- **Study material**
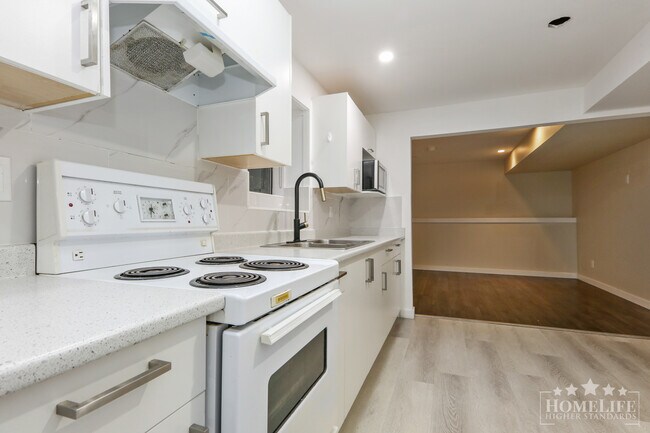 Building Photo - Rare 2 Bedroom Suite  in Great  Sardis Location!  Roomy and Cozy!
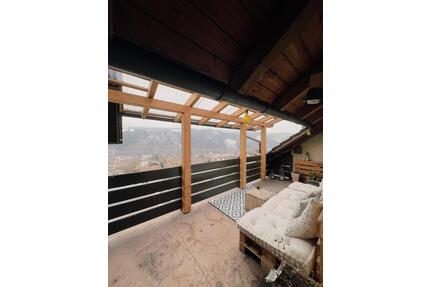 2-Zimmer Dachgeschosswohnung mit Südbalkon - Blick über Obernzell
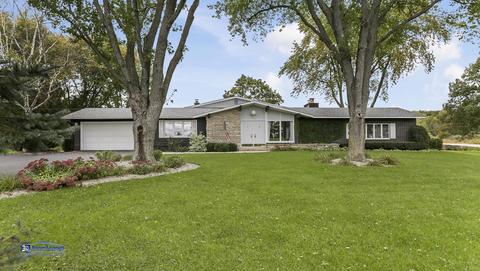 117 S Draper Rd, Mchenry, IL 60050 photo 3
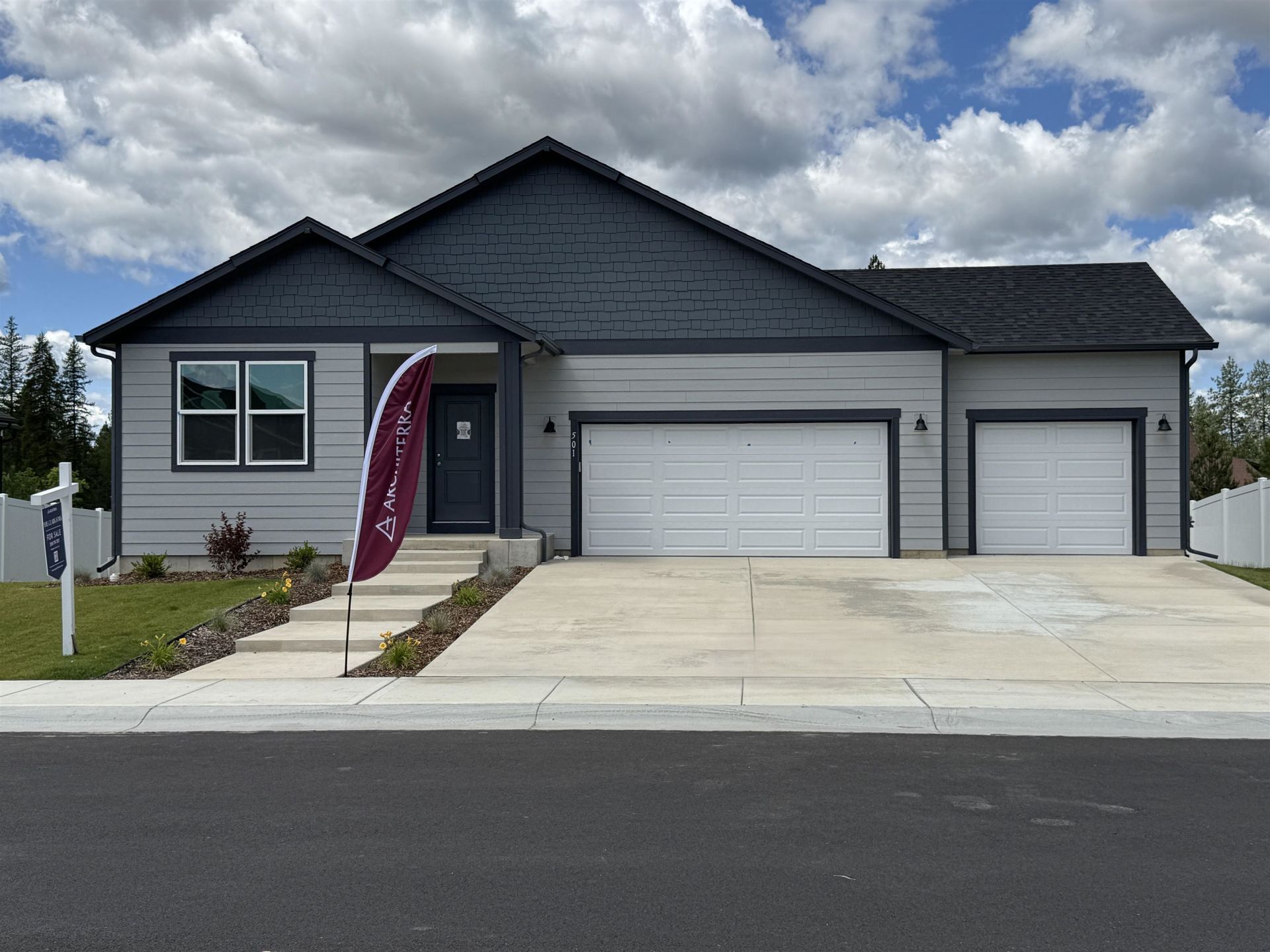 501 N ARCADIA Ave Deer Park, WA 99006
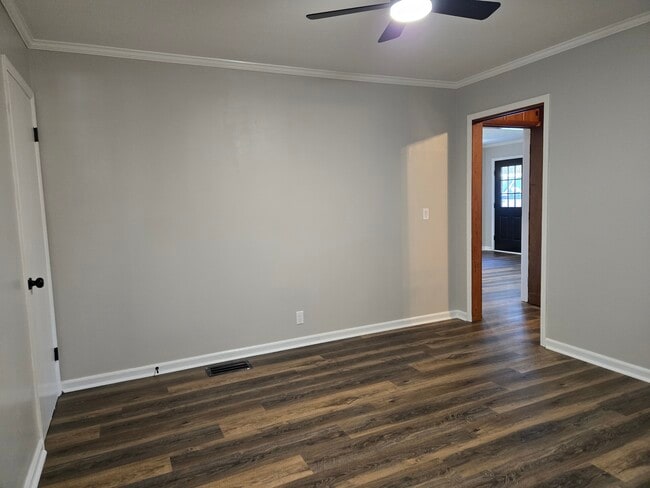 Building Photo - 24 Pine Cir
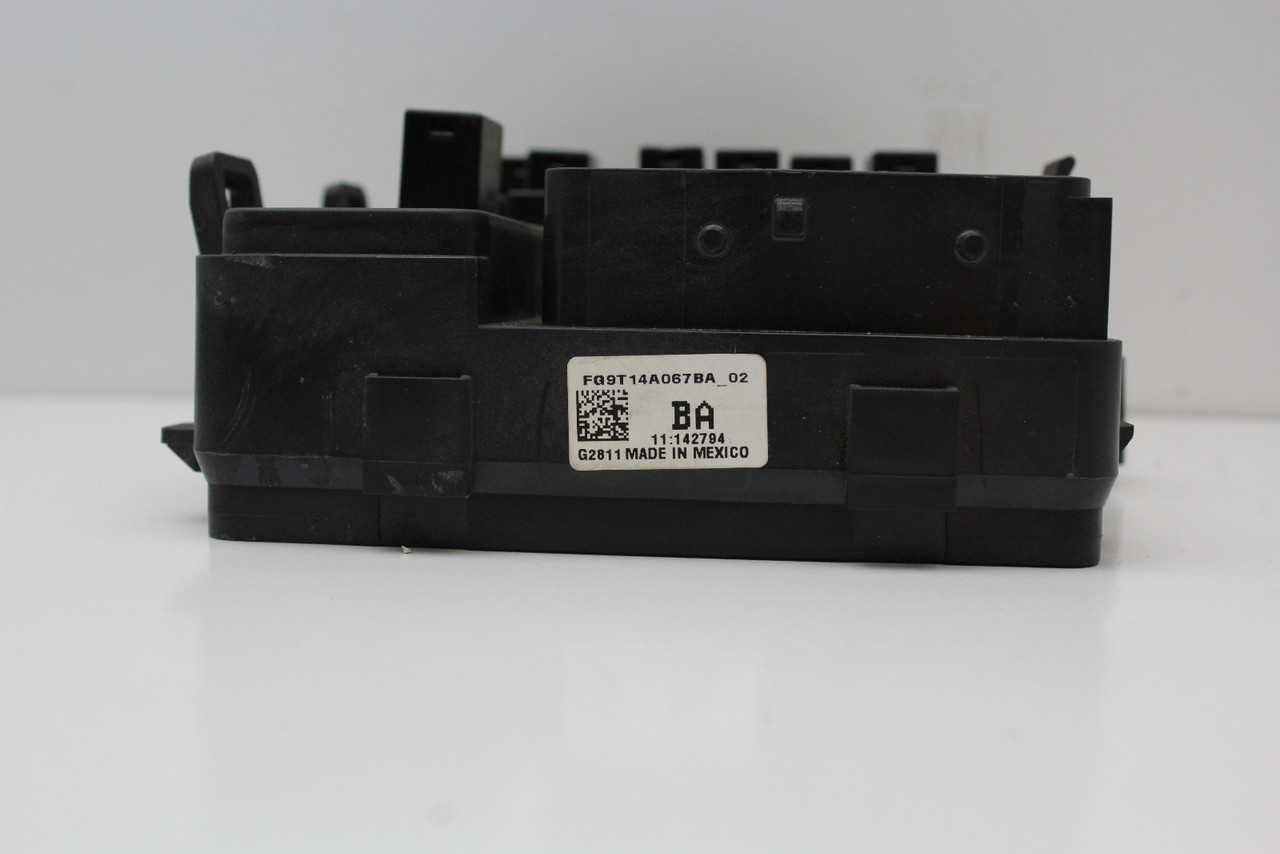 2015 15 Lincoln MKZ FG9T-14A067-BA Fusebox Fuse Box Relay Unit Module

- **The problem**
Leave the pictures aside. Set down exactly the lines from the one with "501 N ARCADIA Ave Deer Park, WA 99006" through the final line of the listing above.

- **Response area**
 501 N ARCADIA Ave Deer Park, WA 99006
 Building Photo - 24 Pine Cir
 2015 15 Lincoln MKZ FG9T-14A067-BA Fusebox Fuse Box Relay Unit Module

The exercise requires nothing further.